Fracking unconventional gas will continue to be banned in the South West, Perth and Peel regions.
Water Defenders Australian Alliance WDAA spokesperson Lisa Chatwin said populations in the 2 per cent of areas where fracking could go ahead was sparse which made those communities an easy target.
Ms Chatwin said their organisation would continue to protest and support farmers and traditional landowners in WA regions where fracking could go ahead.
“We want the government to understand this is not an us and them issue,” she said.
With 50 scientists handing in a petition warning the premier about the impact of gas fields on global warming, Ms Chatwin said it did not matter if fracking occurred in the Kimberley or here it could still affect everyone.
“On talk back radio the premier suggested that fracking gas was a clean transitional energy source,” she said.
“Mr McGowan has completely dismissed the science which suggests methane is 86 times more powerful than carbon dioxide.
“He has completely ignored all the scientific data in relation to the North West offshore gas project, data that discusses all the carbon dioxide emission this project is emitting.”
The state government have stated royalties from any unconventional onshore oil and gas projects would be used to support new renewable energy projects via a Clean Energy Future Fund with a $9 million seed allocation.
The royalty rate for unconventional oil and gas will increase to 10 per cent, the same rate that applies to conventional petroleum production.
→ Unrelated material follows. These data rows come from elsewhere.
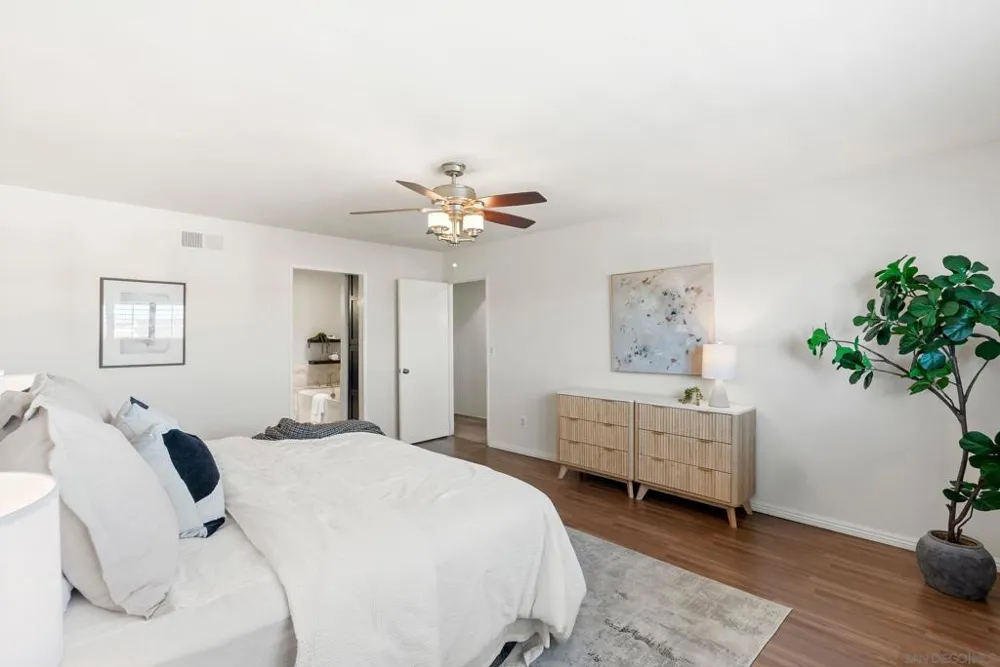 6998 Camino Degrazia San Diego, CA 92111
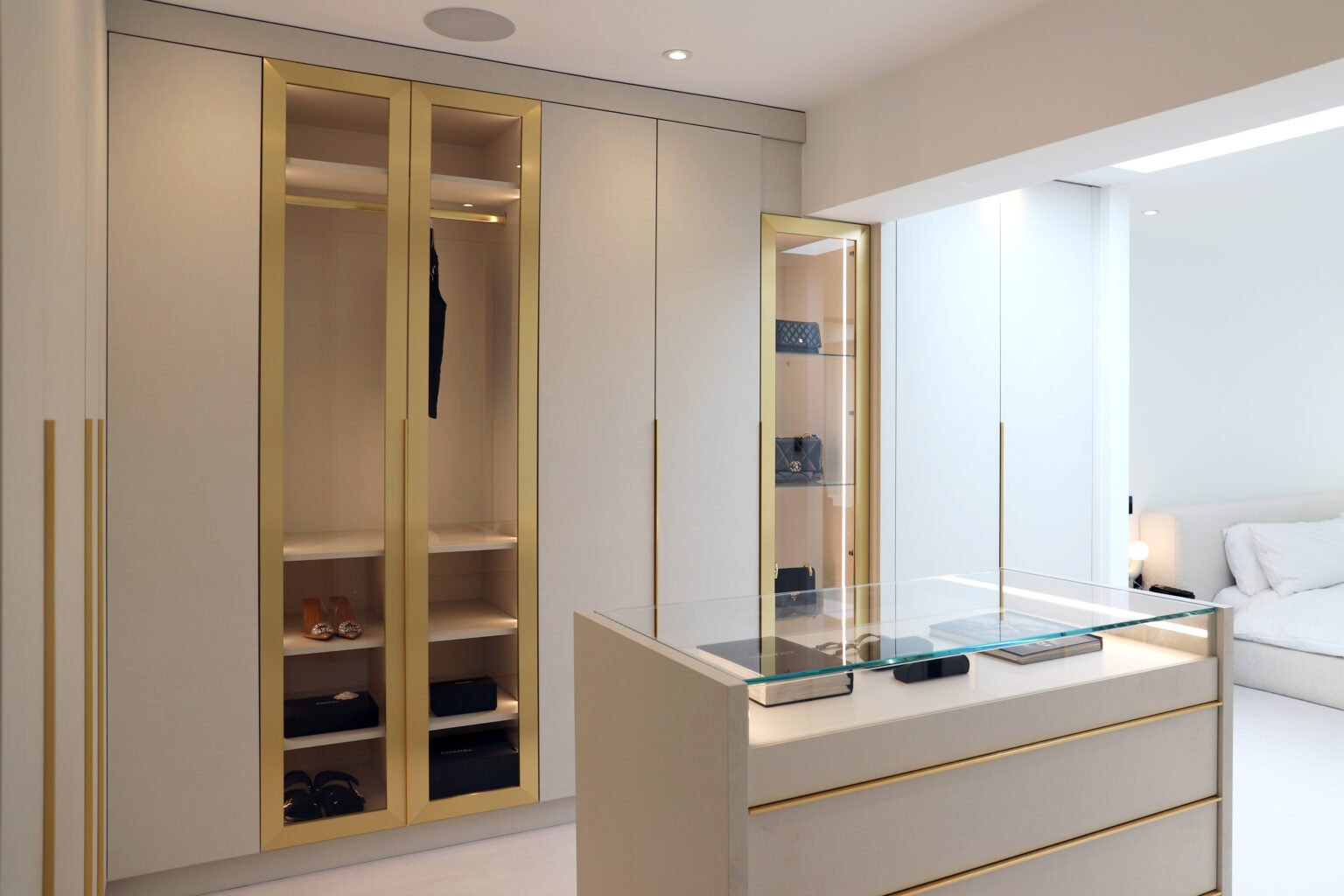 Custom Closet Organizers | Closet Systems & Organization | EasyClosets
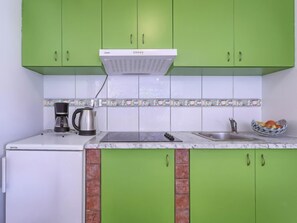 Kühlschrank, Kochgeschirr/Geschirr/Besteck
Premier Mark McGowan said to ban fracking on existing petroleum titles after the scientific inquiry found the risk from fracking was low, would undermine WA’s reputation as a safe place to invest and do business.
“At the same time, it is crucial that the industry demonstrates that it has the support of landowners who, for the first time, will be able to say yes or no to any fracking production on their land.”
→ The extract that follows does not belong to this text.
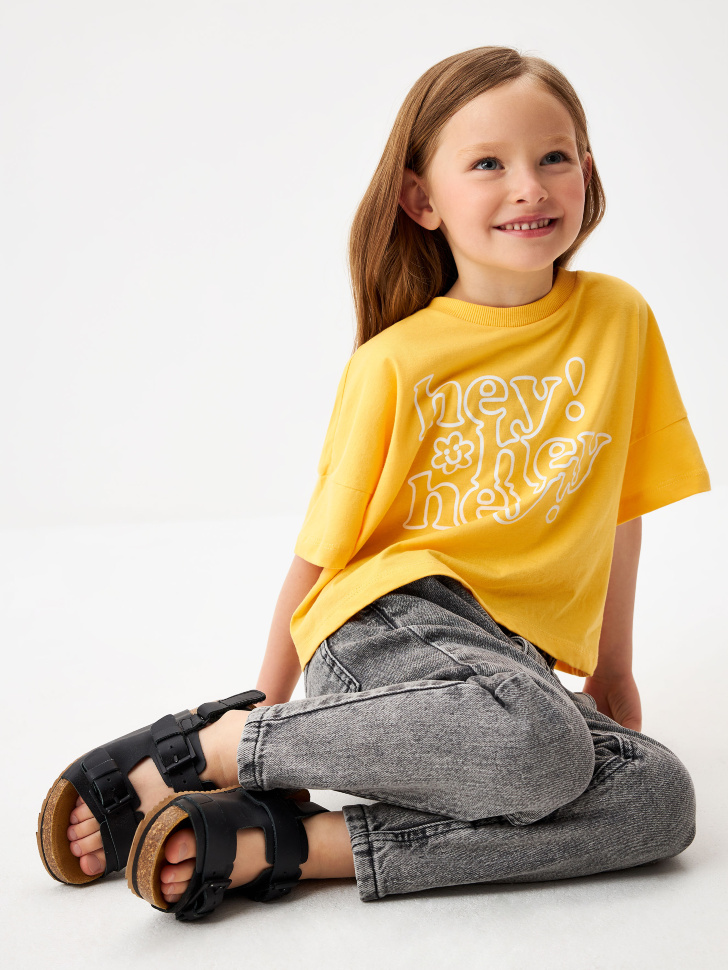 Джинсы Mom fit на резинке  для девочек. Фото №3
Following the state government’s announcement, the senate voted down an Australian Greens motion condemning the WA Labor government for lifting a moratorium on hydraulic fracture stimulation.
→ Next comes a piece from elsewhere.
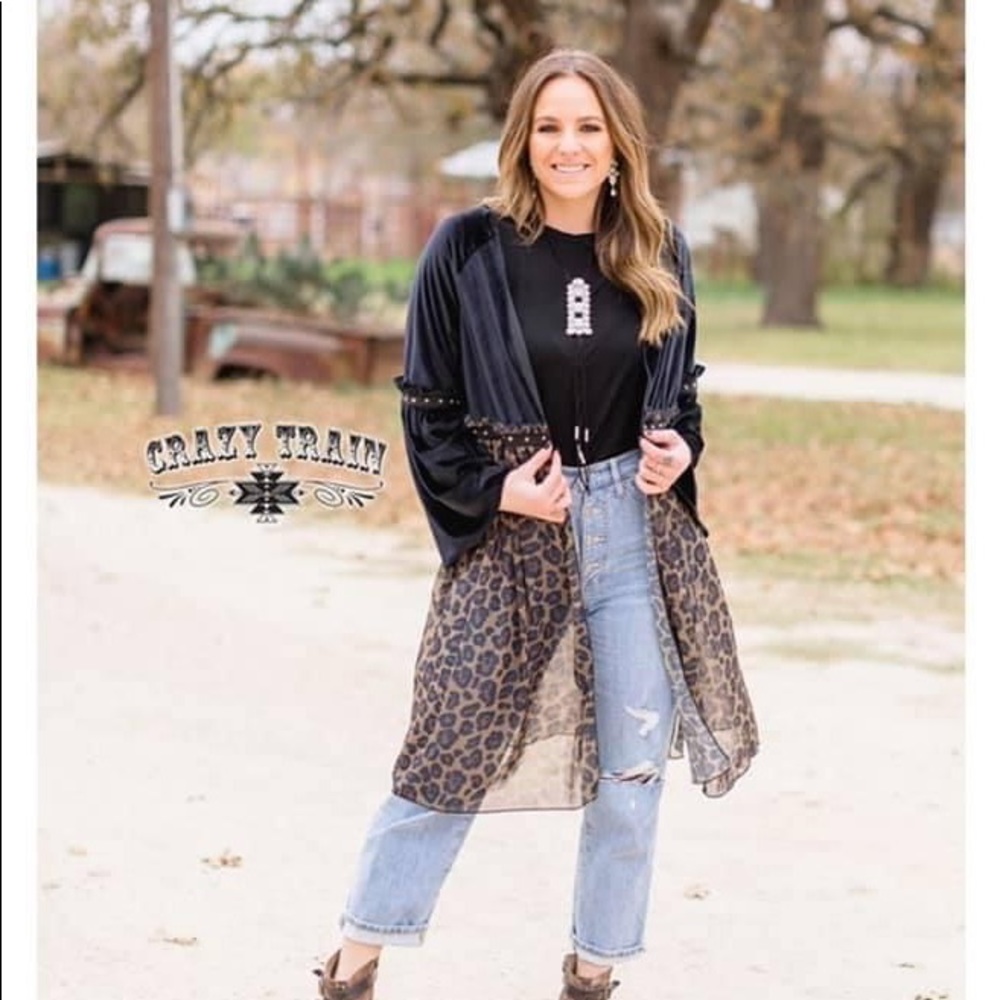 Leopard print & velvet duster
WA senator Jordon Steele-John said it was clear the WA Labor party, who had taken more than $1 million in donations from resource companies in the last two decades, could not be trusted to take decisive action on climate change.
Mr Steele-John said WA was the only state that had seen a significant increase in greenhouse gas emissions since 2000, which was largely due to the predominance of conventional gas projects.
He questioned how the state government could expect to lessen WA’s contribution to climate change, and lower its damaging impacts with such an expansion to the gas industry.
“A recent report from the IPCC warned that we have just 12 years to halt the worst impacts of climate change and keep global warming to a maximum of 1.5 degrees Celsius,” he said.
“Given WA is already going backwards in its commitments to addressing climate change, the addition of fracking to our extractive industry mix will see our GHG emissions skyrocket out of control.
“We don’t need gas; these are resources that will be extracted from our fragile ecosystems in places like the Kimberley and shipped overseas by the large corporations who line the pockets of the major parties come election.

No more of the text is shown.